Family Engineering Night at Sequoyah School
December 12th, 2012
Neighbors peeking out their windows towards nearby Sequoyah School probably did a double-take at the hundreds of students shuffling in and out with bright yellow hard hats on. The hats can be explained, on this particular occasion, at least: the kids at the local K-5 school were channeling their inner-engineer. After all, it was CURENT’s Family Engineering Night.
Students and their families explored nine different exhibits, each with a hands-on engineering project. Participants were able to build homemade prosthetic hands, design towers out of paper towel rolls, activate solar-powered cars, and take part in other challenges that included engineering communications and environmental engineering. Also, much to the excitement of the athletically inclined students at the event, a student robotics team brought an interactive basketball-throwing robot from nearby Farragut High School. Students earned a sticker for completing each activity, and they turned their checklist in at the end of the night to receive the aforementioned hard hats.
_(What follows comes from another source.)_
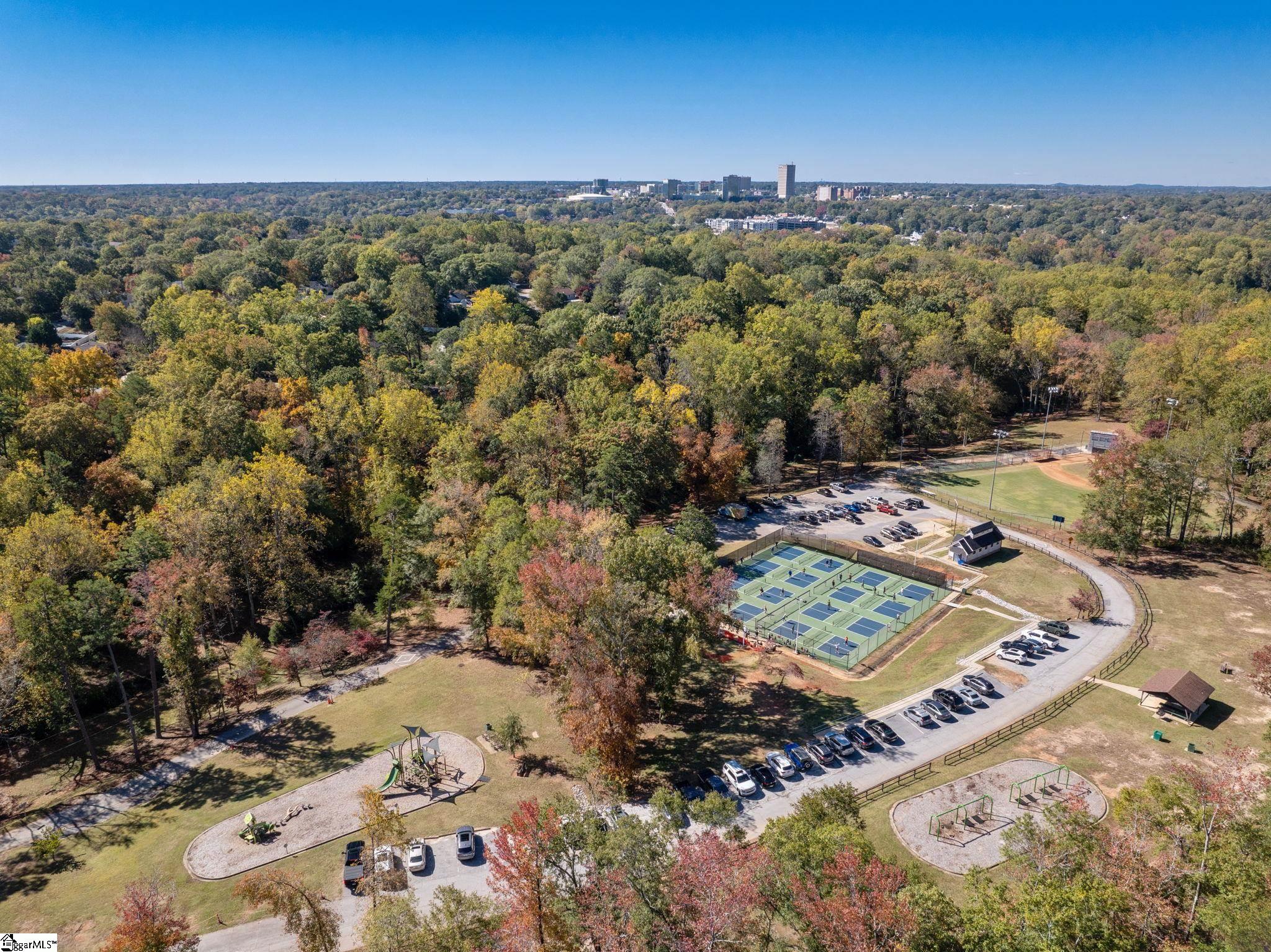 143 Lullwater Road Greenville, SC 29607 - Photo 23 of 25 Gallery Image 23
Over 200 people took part in Family Engineering Night, which was designed to bring households together to explore some basic engineering concepts in an effort to promote science, technology, engineering, and mathematics (STEM) fields. Each activity was selected to ensure that it meets Knox County Schools’ Grade Level Expectations in K-5 science curriculum.
“I’m just so thankful to have been part of this,” said Knox County K-12 Science Instructional Coach Andrea Allen. “I am so proud of an amazing partnership with CURENT.”
The event was a collaboration between Knox County Schools; Sequoyah School; and the Center for Ultra-wide-area Resilient Electrical Energy Transmission Networks (CURENT), the University of Tennessee’s Engineering Research Center. It was organized by Allen; Principal Alisha Hinton and Science Lab Instructor Erin McCollum from Sequoyah School; and Education Co-Director Dr. Chien-fei Chen and Adam Hardebeck from CURENT.